«Allah perdona tutto». Viaggio tra gli ex terroristi di Boko Haram

Sono 153 gli ex combattenti di Boko Haram che popolano un centro di riabilitazione in Niger. «Ho imparato a uccidere, ci ho preso gusto, guadagnavo bene. Volevo andare in paradiso»

Baba Gana, musulmano nigeriano di 32 anni, voleva solo ritrovare il suo camion rubato da Boko Haram. Ma quando ha incontrato nel 2014 i terroristi islamici e questi gli hanno offerto 35 mila naire a settimana, circa 82 euro, si è arroulato. La sua base si trovava su Dogon Chuku, un’isola del lago Ciad, confine naturale tra Nigeria e Niger. Al seguito del leader Abubakar Shekau «ho imparato a uccidere e ci ho preso gusto. Mi sentivo potente. Ho ucciso molte persone, altre le ho rapite. Mi divertivo con le donne. Lo facevo per la religione, poi ho capito che era un business».

CENTRO DI RIABILITAZIONE. Oggi Baba Gana ha abbandonato l’organizzazione terroristica e da otto mesi vive in un campo di riabilitazione per ex combattenti in Niger insieme ad altri 153 pentiti o presunti tali. «Ho imparato più a uccidere che a leggere il Corano», ha dichiarato all’inviato del Monde l’ex terrorista, che ha lasciato Boko Haram quando il governo del paese africano gli ha promesso l’amnistia per i crimini commessi e un lavoro. «Il governo deve onorare le sue promesse, insegnarci un mestiere e liberarci. Io gli ho creduto, anche se per ora non ho avuto niente in cambio».

«OTTIMA PROPOSTA». Insieme a lui, nel campo per ex terroristi, c’è anche Moustapha Abubakar, originario di un piccolo villaggio del Niger. «Gli uomini di Boko Haram andavano e venivano per reclutare combattenti. Mi hanno fatto un’ottima proposta, avevo 26 anni, e ho accettato. Tutto qui». Trasferitosi in Nigeria, pur non essendo bravo col fucile, per la sua prestanza fisica ha partecipato a diversi combattimenti contro l’esercito nigeriano e camerunense, oltre a prendere parte a un massacro come quello di Baga Kawa, nel gennaio del 2015.

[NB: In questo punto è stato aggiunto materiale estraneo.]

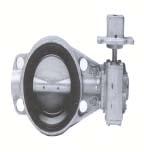 Page 128 Wafer Butterfly Valves Wafer valve sq nut (Stainless steel disc) 21/ 69630 69631 69632 69633 69634 69635 69636 69637 69638 17.0 22.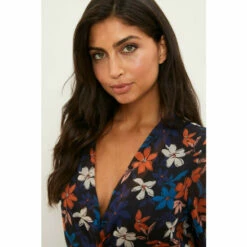 Wallis Tall Navy Floral Twist Front Dress For Female 11 Wallis Tall Navy Floral Twist Front Dress For Female -Cheap Wallis Store unnamed file 5408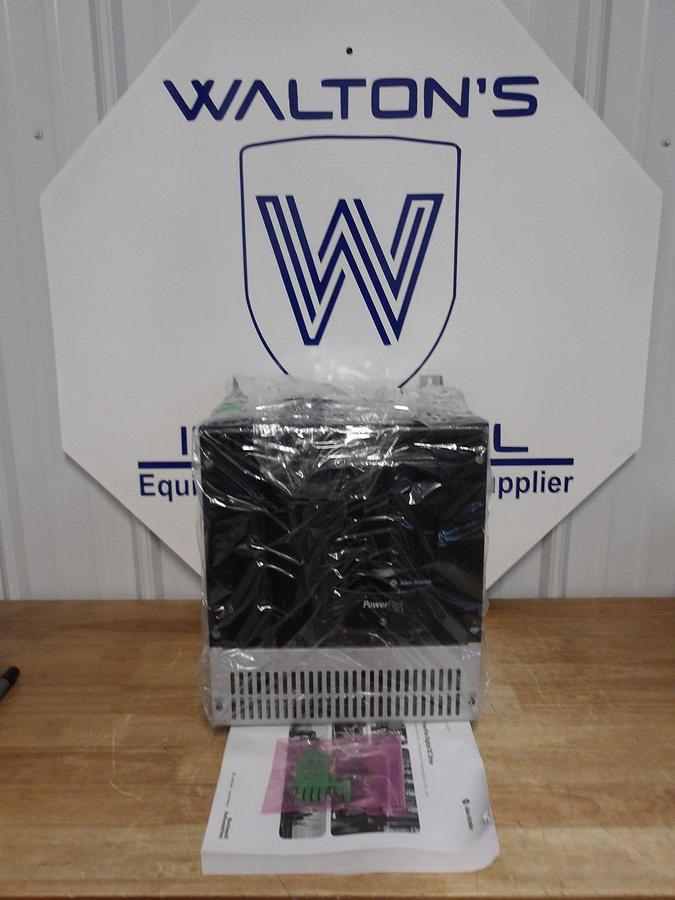 ALLEN BRADLEY 100 HP DC POWERFLEX 20P41AD167RA0NNN, #317320G NIB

ISIS PAGA MEGLIO. L’anno scorso, ha abbandonato la fazione di Shekau per unirsi a quella di Mamane Nur, appoggiata dallo Stato islamico. Qui veniva pagato di più e venne nominato comandante di una brigata composta da 50 uomini. «Potevo avere molte donne e una vittoria militare mi portava a guadagnare anche 100 mila naire (235 euro circa)», continua. «Nei rifugi non ci mancava nulla. Per comprare qualunque cosa incaricavamo i pastori peul (etnia musulmana, ndr) di commerciare per noi con i villaggi».

IL RUOLO DELL’ISLAM. Abubakar viveva bene ma doveva uccidere e la religione lo aiutava ad accettare questo compito. I jihadisti gli hanno insegnato che l’unica setta di musulmani su 73 che sarebbe andata in paradiso, secondo un famoso hadith, era proprio quella di Boko Haram. Prima di imbracciare le armi contro i nemici, inoltre, recitava sempre: «Quando muori sul campo di battaglia, vai in paradiso. Quando scappi, vai all’inferno». La promessa del paradiso è un elemento non trascurabile, ma fondamentale per convincere i giovani musulmani a unirsi alla causa: «Prima mi guadagnavo bene da vivere vendendo in città quello che pescavo sul lago», racconta Modou Kou, ex combattente di 27 anni. «Ma ero stanco della mia vita. Volevo morire per Dio e Boko Haram rappresentava il cammino più breve per andare in paradiso».

VERI PENTITI? Oggi Abubakar si dice pentito: «Quando ho visto i campi di sfollati ho compreso tutto il male che avevo fatto e sono scoppiato a piangere», giura, pensando alle 20 mila persone che Boko Haram ha ucciso dal 2009 e agli oltre 2,6 milioni di sfollati creati attraverso la distruzione di villaggi e città. Ma la maggior parte degli inquilini del campo di riabilitazione non sono affatto dispiaciuti: «Allah perdona tutto», si limitano a dire, segno che la rieducazione avrà bisogno di molto tempo e molti sforzi prima di fare effetto.